COG

Ownership Discussion


[Date Prev][Date Next][Thread Prev][Thread Next][Date Index][Thread Index]

OWNERSHIP: Fwd: The New American Spirit



Hello All,

Taking a respite from the warring-of-the-maybe-moderators on this elist, the below exchange occurred recently, initiated by Mike Greaney, which I thought was very interesting, and I wanted to share it with you~~Steve Nieman
============================
Begin forwarded message:

From: Michael Greaney <mgreaney@cesj.org>
Date: July 11, 2005 12:11:16 PM PDT
To: Steve Nieman <stevenieman@mac.com>
Cc: thirdway@cesj.org, dbrohawn <DBrohawn@cesj.org>
Subject: Re: The New American Spirit
Reply-To:
mgreaney@cesj.org

Dear Steve:

As far as I can see, the only thing that's going to work is to convince workers that ownership — real ownership, with the full rights of property — is far more secure than any wage system job.  You can fire a worker at virtually no cost (assuming you do it "right," i.e., toss enough dust in people's eyes to obscure what you're doing), but you have to buy out an owner.  To get the point across means educating people primarily on what, exactly, property is (and, almost as importantly, what it is not), and why the vote — control — is an integral part of what Belloc called "the restoration of property."
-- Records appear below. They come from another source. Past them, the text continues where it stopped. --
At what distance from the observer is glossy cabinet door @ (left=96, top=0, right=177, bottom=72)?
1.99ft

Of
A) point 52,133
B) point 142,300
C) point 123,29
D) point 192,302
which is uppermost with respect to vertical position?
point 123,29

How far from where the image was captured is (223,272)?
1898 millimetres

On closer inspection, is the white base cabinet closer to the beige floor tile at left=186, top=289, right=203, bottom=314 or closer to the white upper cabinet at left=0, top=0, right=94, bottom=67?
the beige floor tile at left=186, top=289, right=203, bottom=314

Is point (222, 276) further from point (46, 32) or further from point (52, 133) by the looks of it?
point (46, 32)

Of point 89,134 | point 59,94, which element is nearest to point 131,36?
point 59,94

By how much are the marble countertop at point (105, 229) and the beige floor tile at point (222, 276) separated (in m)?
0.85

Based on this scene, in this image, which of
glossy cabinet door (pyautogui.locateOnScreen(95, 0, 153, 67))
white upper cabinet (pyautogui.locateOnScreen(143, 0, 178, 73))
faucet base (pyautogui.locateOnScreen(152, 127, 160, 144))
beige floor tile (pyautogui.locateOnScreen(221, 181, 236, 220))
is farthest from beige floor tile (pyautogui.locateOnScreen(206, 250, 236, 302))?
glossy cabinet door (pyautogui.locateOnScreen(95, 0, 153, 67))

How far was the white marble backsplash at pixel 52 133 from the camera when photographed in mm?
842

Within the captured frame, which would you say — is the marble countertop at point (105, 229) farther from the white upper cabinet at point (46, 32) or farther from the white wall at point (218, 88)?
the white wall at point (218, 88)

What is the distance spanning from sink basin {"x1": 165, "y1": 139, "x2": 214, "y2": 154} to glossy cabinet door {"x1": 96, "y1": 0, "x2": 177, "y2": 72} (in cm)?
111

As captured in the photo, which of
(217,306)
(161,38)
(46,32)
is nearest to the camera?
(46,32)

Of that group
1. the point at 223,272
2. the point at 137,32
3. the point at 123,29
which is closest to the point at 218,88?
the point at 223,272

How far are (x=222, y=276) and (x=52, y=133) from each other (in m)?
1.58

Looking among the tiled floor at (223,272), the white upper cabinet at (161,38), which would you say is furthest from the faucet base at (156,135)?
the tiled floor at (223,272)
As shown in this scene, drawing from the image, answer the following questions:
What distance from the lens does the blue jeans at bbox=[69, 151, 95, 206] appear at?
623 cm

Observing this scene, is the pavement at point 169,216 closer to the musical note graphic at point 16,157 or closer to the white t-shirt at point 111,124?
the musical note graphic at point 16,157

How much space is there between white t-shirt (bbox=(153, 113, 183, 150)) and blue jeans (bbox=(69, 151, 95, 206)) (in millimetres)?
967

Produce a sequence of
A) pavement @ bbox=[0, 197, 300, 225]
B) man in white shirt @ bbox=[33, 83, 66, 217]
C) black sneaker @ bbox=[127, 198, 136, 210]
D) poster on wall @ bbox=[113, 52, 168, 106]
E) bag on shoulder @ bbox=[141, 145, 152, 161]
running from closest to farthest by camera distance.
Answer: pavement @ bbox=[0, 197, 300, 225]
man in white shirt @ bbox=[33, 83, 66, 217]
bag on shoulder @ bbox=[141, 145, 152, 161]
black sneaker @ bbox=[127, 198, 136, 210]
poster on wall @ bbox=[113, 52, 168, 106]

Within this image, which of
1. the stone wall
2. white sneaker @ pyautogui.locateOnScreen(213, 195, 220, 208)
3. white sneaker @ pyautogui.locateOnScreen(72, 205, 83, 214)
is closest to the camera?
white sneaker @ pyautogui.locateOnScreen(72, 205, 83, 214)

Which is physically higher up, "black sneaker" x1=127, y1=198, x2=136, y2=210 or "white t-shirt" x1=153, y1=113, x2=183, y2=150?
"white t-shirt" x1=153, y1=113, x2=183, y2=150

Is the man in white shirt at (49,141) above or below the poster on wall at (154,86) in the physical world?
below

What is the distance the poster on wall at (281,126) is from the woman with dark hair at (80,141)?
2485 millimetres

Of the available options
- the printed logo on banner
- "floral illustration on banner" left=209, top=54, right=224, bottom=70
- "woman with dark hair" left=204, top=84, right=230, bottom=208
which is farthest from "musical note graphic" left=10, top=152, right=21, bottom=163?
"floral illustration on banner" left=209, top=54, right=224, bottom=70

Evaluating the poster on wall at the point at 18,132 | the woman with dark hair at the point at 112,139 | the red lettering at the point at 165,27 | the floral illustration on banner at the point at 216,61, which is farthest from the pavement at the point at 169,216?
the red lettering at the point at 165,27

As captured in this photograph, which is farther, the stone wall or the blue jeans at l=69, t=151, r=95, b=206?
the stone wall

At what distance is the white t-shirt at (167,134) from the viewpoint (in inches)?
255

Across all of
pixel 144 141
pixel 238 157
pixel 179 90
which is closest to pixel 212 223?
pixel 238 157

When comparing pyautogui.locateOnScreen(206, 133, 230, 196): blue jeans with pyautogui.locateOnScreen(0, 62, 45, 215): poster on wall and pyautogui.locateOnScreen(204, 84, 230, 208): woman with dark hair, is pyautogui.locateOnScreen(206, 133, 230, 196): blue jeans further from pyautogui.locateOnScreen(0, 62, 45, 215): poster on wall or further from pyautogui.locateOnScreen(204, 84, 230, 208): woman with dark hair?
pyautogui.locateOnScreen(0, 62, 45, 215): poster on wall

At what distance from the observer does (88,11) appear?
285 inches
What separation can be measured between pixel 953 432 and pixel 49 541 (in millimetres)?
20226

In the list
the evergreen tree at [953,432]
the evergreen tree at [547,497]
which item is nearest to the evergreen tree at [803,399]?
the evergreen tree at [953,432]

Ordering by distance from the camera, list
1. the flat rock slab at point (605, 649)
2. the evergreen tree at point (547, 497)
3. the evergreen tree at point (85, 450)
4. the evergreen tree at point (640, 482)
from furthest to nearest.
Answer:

The way I see it (and watch out that I don't poke your eye out with my stone tablets as I come down from the mountain), people don't trust ownership via corporate shares for two reasons.  One, the only way to make money with corporate shares is to engage in speculation.  Most shares, as Kelso pointed out almost half a century ago in The Capitalist Manifesto, don't pay enough in the way of dividends to buy a cheap suit.  Speculation is not the foundation of an "ownership society" because the only way to receive an income is to divest yourself of ownership by selling your shares.

Two (and much more important), people don't trust corporate shares, per se.  They don't trust corporate shares because they don't trust corporations.  They don't trust corporations because they don't trust the people hired to run the corporations for the owners.  They don't trust them because they don't trust the board of directors who hired them.  They don't trust the BoD because they don't trust the people who elected them — the annonymous owners ... who usually don't trust the workers, and the circle begins all over again.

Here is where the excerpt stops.